Marc Ambinder - Marc Ambinder is the White House correspondent for National Journal and a contributing editor at The Atlantic. More

Marc Ambinder is the White House correspondent for National Journal. He previously served as the politics editor, and is now a contributing editor, for The Atlantic, where he curated the influential Politics channel on TheAtlantic.com and contributed to the magazine. He was also a chief political consultant to CBS News. Earlier, at NJ's Hotline, Ambinder was the founding editor of "Hotline On Call," a pathbreaking political news blog. He also worked as a producer and reporter for the ABC News Political Unit and was one of the founders of ABC's "The Note." Born in New York City, raised in Central Florida, Ambinder is a 2001 graduate of Harvard and lives in Washington, D.C.

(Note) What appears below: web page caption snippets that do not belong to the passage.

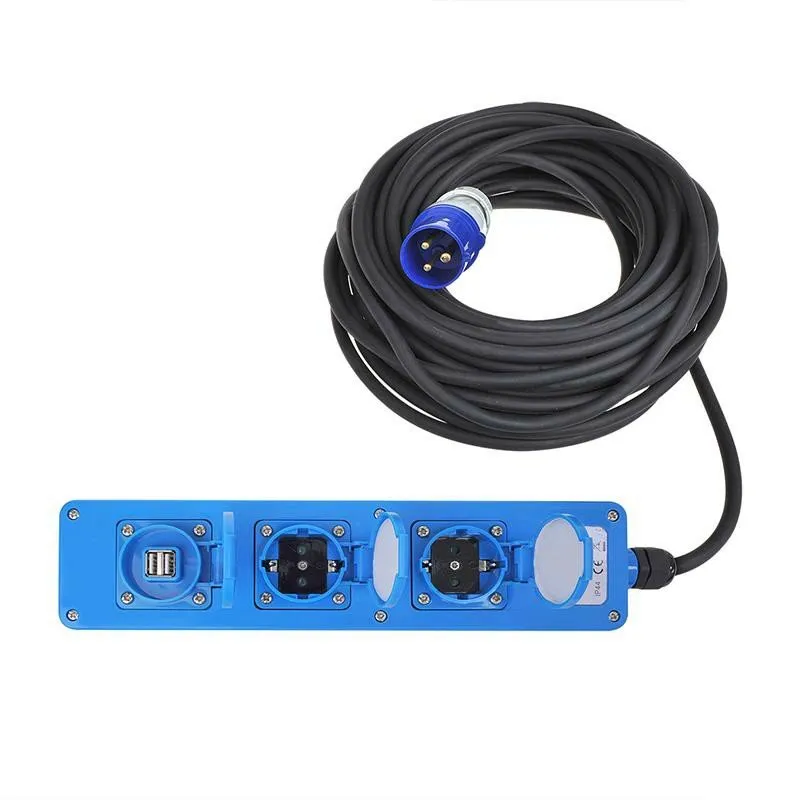 CEE 3WEG STEKKERDOOS 20M (2XSCHUKO + 1X2USB)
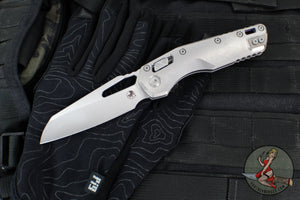Marfione Select- M.S.I. Ram-Lok Folder- Smooth Stonewash Finished Titanium Handle- Stonewash Plain Edge Blade- Purple Backspacer 210-10 MS3
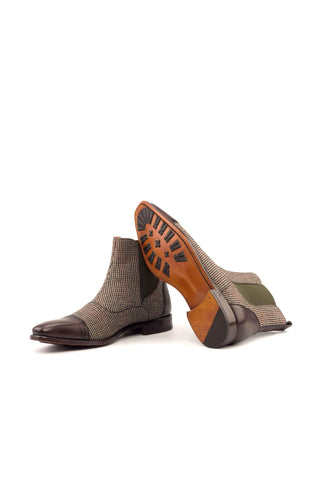 Ambrogio Beige & Dark Brown Fabric / Calf-Skin Leather Chelsea Boots (AMB1783)-AmbrogioShoes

Clnton And Obama Talk Past Each Other

By Marc Ambinder
Jul 24 2007, 5:14 PM ET Comment

Matt Yglesias writes:

This is interesting. One way of looking at the little Clinton-Obama exchange over talking to "enemy" foreign leaders was that Clinton was simply trying to underscore her experience level by adding a little nuance to the picture. That seems not to be the case, as she and surrogate Madeleine Albright are using the issue to hit pretty hard at Obama.

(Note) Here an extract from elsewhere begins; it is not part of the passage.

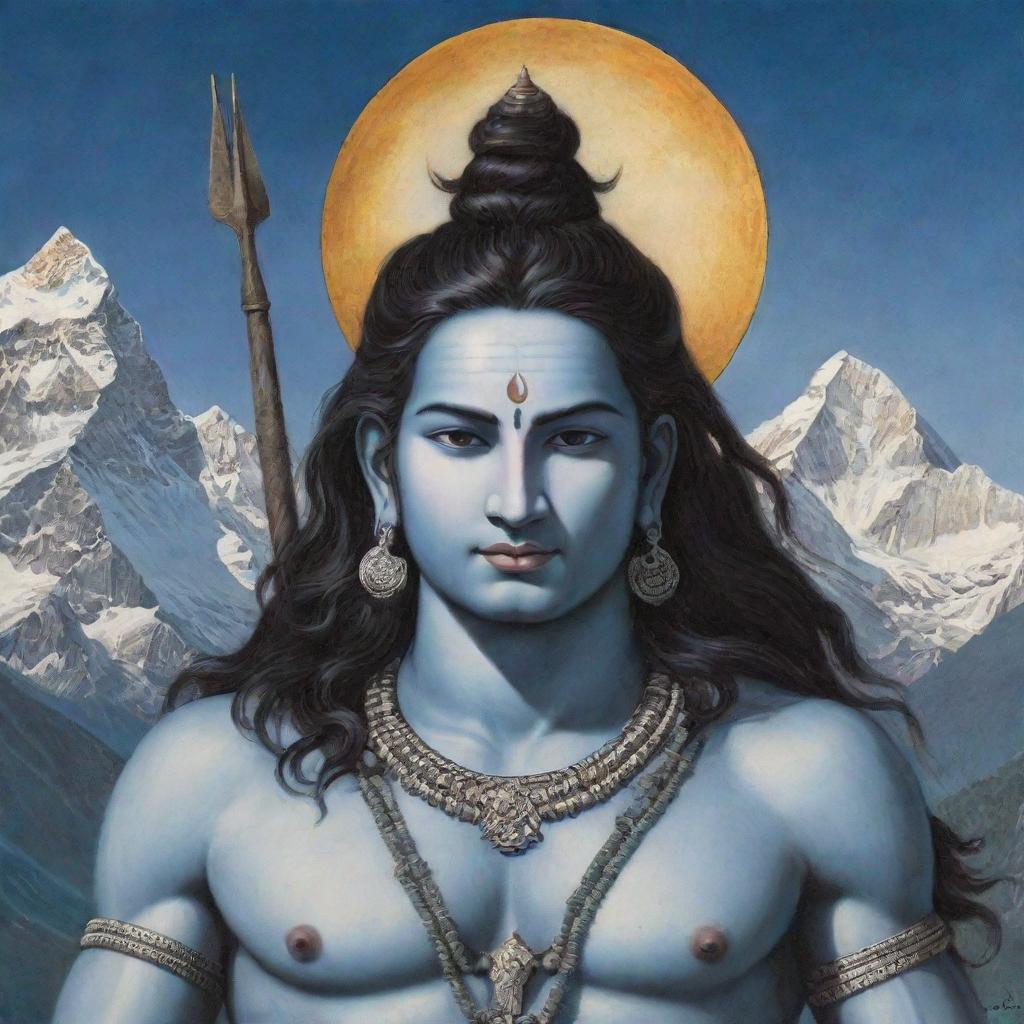 Enlarge and enrich the previous depiction of Lord Shiva, adding more elements like a crescent moon in his hair, the third eye on his forehead, and a trident by his side. Enhance the surrounding beauty of the Himalayas.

And, of course, if you construe what Obama said to mean that he intends to jet off to Pyongyang without any advance work having been done, I suppose that really would be "irresponsible and frankly naive," but that hardly seems like a fair assessment. It's strange for the front-runner to go on the attack like that, and especially odd given the political climate for her to be going out of the way to emphasize the idea that she's substantially more hawkish than Obama.


That depends on the composition of the political climate. If Democratic primary voters choose their favorite on the basis of who was right in 2003, then Clinton will lose. If they choose like they generally use -- on a mix of attributes, attitudes and issues and electability, then the argument supporting the track of the primary race is three dimensional.

Obama and Clinton are running two very different campaigns. Clinton does not need to prove her mettle to the Democratic base, and the base has, so far, given her a pass on Iraq. Her assumption is that she's crossed the change threshold and can focus on her core competency, which is "experience and strength." It's politically brave to be making the electability argument now, as she is doing, or it is dumb if it alienates her base. So far, it hasn't alienated her base -- maybe because the base buys the Clinton worldview of what's presidential.

Obama's strategy is more risky: his idealism rings resonant with liberals, his anti-Iraq-war proclivity clearly helps him get second looks, but his contant critiques of both parties are probably not warmly recieved by the partisan Democrats who vote in primaries (except New Hampshire). Obama's other problem is that the anti-Iraq war vacuum in Iowa has been filled by John Edwards.

Hence, Obama's declaration today that what was really "naive" and "irresponsible" was voting for the war in the first place is, one, a critique of Clinton's judgment and Edwards's judgment, and two, an attempt to change the subject back to Iraq.

Clinton and Obama are talking past each other.